### TASK DESCRIPTION:
From the line with "Lookbook (W) UGG" to the line with "Wool Blend Sweater", output every line below exactly, both ends included. Skip the pictures.

### DATA LISTING:
• • • •

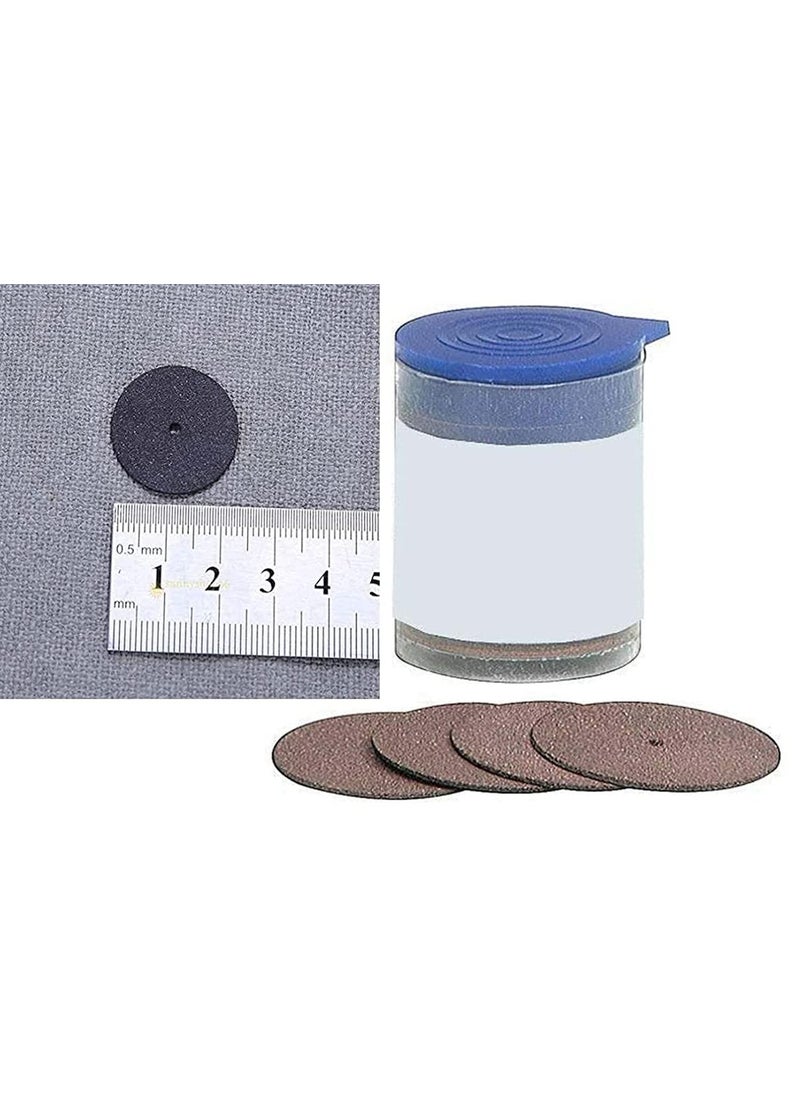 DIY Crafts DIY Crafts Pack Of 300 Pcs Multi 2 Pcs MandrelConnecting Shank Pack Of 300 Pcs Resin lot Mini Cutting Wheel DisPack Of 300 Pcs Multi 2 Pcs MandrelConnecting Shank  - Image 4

• • • •

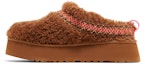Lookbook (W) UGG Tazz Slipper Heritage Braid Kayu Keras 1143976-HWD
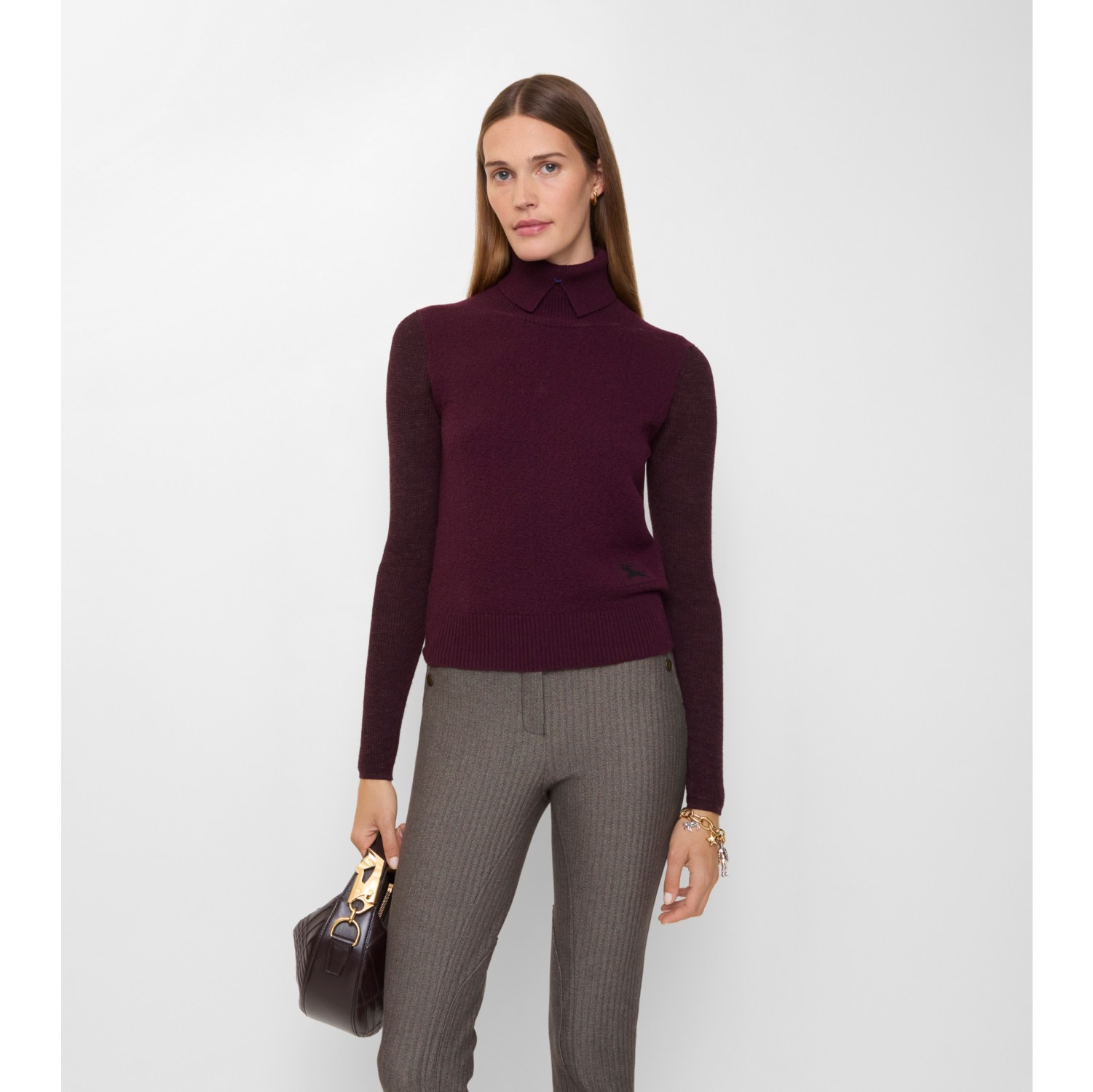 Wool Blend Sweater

• • • •

### SOLUTION TO THIS PROBLEM:
Lookbook (W) UGG Tazz Slipper Heritage Braid Kayu Keras 1143976-HWD
 Wool Blend Sweater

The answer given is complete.